Lula da Silva, Bolsonaro e a faixa presidencial

“Nada está mais próximo da ingenuidade do que a malícia levada ao extremo” (San Tiago Dantas, jornalista, jurista e político de esquerda, 1911-1964)

Quem conhece Lula da Silva de perto sabe que ele é especialista em dizer lorotas e jogar para a plateia.

Lula sabia. A direção do PT sabia. Jornalistas bem informados sabiam. Políticos experientes sabiam.

O ex-presidente Bolsonaro não passaria a faixa presidencial a Lula. Não havia clima. Parte de nossa sociedade ainda não aprendeu a diferença entre inimigo pessoal e adversário político.  

Contudo, com o intuito de jogar para a plateia lulopetista e toda esquerda diurética que o apoiou, em toda oportunidade que teve, Lula criticou Bolsonaro por ter saído do Brasil. Continua criticando.

Em café da manhã com jornalistas, Lula disse: “A única coisa que eu não queria era que Bolsonaro me passasse a faixa” (G1, 12/01/2023).

Lorota. Lula queria receber a faixa de Bolsonaro para vê-lo sendo vaiado. O PT queria. Os amigos de Lula queriam. Os apoiadores de Lula queriam. A massa de manobra lulopetista queria.

A entrega da faixa ao presidente que entra pelo presidente que sai não é requisito obrigatório.

Há precedentes de presidentes que não passaram a faixa e não houve estardalhaço, porque não se trata de nenhuma transgressão ou quebra de protocolo, mas episódio comum, sem muita importância.

É uma formalidade dispensável. Serve para o presidente tirar fotos, publicar em revistas e jornais. Nada mais do que isto.

Tanto isto é sem muita importância que o cerimonial de Lula da Silva fez aquele exibicionismo inusual na rampa do Palácio do Planalto no dia da posse e o presidente recebeu a faixa das mãos de pessoas do povo.

Não é a faixa presidencial que empresta seriedade ao cargo de presidente da República, mas o caráter do ocupante. Ah, o caráter!
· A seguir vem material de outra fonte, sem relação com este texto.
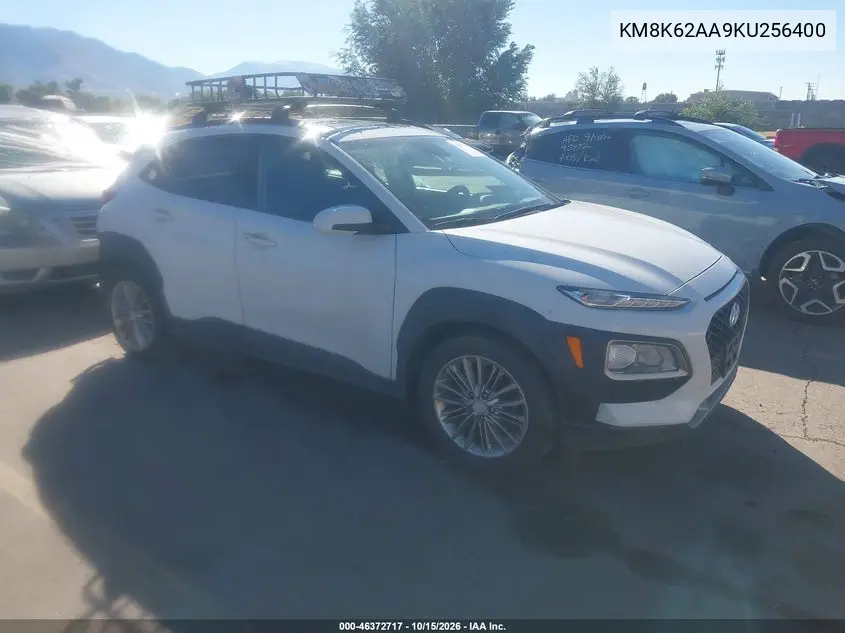 HYUNDAI KONA 2019, VIN KM8K62AA9KU256400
A foto oficial do presidente com a faixa não é feita no momento da posse, mas em ambiente adredemente preparado. Assim foi com todos os presidentes, assim continuará sendo.

Em 15/11/1894, o presidente Floriano Peixoto não transmitiu o cargo para Prudente de Moraes.

Prudente de Moraes foi o presidente que em seu governo (1894-1898) mandou dizimar Canudos, matou milhares de sertanejos da Bahia, exterminou o beato Antonio Conselheiro e a história o entronou como o vencedor da Guerra de Canudos.   

O general-presidente João Figueiredo, último do regime militar, não passou a faixa para Sarney e chegou a espinafrá-lo depois:

“Sempre foi um fraco, um carreirista. De puxa-saco passou a traidor. Por isso não passei a faixa presidencial para aquele pulha. Não cabia a ele assumir a Presidência” (Entrevista a IstoÉ, 1999).

No que tange a Lula da Silva e Bolsonaro, o fato é explicitado no livro O Tribunal – Como a Suprema Corte se uniu ante a ameaça autoritária, de autoria dos jornalistas Felipe Recondo e Luiz Weber (UOL, 22/11/2023).

Dias Toffoli, ministro do Supremo Tribunal Federal, ex-advogado do PT, ex-assessor do então todo poderoso petista José Dirceu e próximo de Lula, aconselhou Bolsonaro a deixar o País e não passar a faixa presidencial ao novo presidente.

O argumento do ministro Toffoli se revestiu de visível sensatez: o País estava dividido e Bolsonaro receberia vaias no evento de transmissão do cargo, o que era previsível e constrangedor para o ex-presidente.

País dividido, Lula venceu por uma diferença aproximada de 1,8% dos votos, mas o que vale é a vitória, não a porcentagem.

Como Bolsonaro sempre manteve boas relações com o ministro Toffoli, essa circunstância deve ter pesado na decisão de se ausentar do Brasil.

Lula sabia disto, mas não disse. O PT sabia disto, mas não disse.

Como se vê, nem tudo que Lula e o PT dizem deve ser levado a sério.